Task description » Give back an exact copy of the lines in the records below, from the line that has "Home Sweet Minneapolis" through the line that has "el foro sol", and nothing besides.

╭─ Provided data

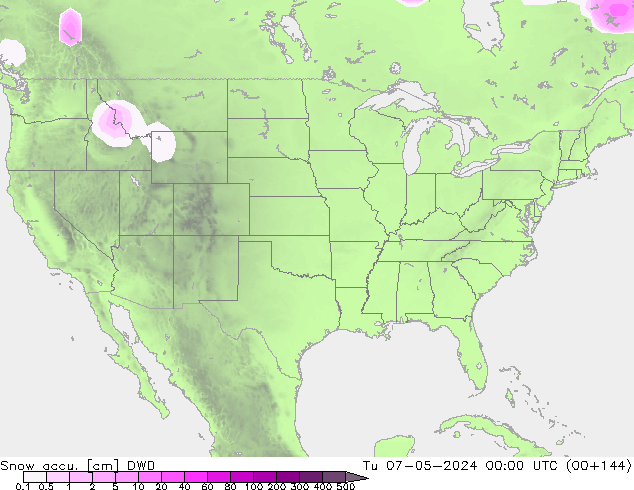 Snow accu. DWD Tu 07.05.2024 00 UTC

╰─
╭─ Provided data

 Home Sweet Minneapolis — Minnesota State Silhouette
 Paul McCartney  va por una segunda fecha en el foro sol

╰─

Solved problem »
 Home Sweet Minneapolis — Minnesota State Silhouette
 Paul McCartney  va por una segunda fecha en el foro sol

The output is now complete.